Short text fragments from websites
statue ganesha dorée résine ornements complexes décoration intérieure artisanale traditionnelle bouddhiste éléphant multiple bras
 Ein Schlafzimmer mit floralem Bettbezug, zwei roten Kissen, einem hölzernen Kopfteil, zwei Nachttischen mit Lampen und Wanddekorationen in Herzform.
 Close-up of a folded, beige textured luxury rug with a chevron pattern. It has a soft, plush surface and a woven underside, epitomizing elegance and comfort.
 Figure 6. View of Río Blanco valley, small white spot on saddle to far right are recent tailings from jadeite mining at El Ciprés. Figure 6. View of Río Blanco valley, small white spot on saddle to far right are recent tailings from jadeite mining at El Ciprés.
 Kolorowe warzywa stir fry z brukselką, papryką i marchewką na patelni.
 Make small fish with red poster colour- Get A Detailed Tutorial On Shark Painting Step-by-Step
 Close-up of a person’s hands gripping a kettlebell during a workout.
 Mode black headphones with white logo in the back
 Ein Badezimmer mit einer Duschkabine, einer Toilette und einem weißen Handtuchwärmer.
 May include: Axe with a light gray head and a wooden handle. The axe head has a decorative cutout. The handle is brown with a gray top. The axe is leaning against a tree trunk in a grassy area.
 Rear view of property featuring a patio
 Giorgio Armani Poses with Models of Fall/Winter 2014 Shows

=== Task statement ===
Find the word "Close" in the entries above and gather every line that holds it.

=== Written response ===
 Close-up of a folded, beige textured luxury rug with a chevron pattern. It has a soft, plush surface and a woven underside, epitomizing elegance and comfort.
 Close-up of a person’s hands gripping a kettlebell during a workout.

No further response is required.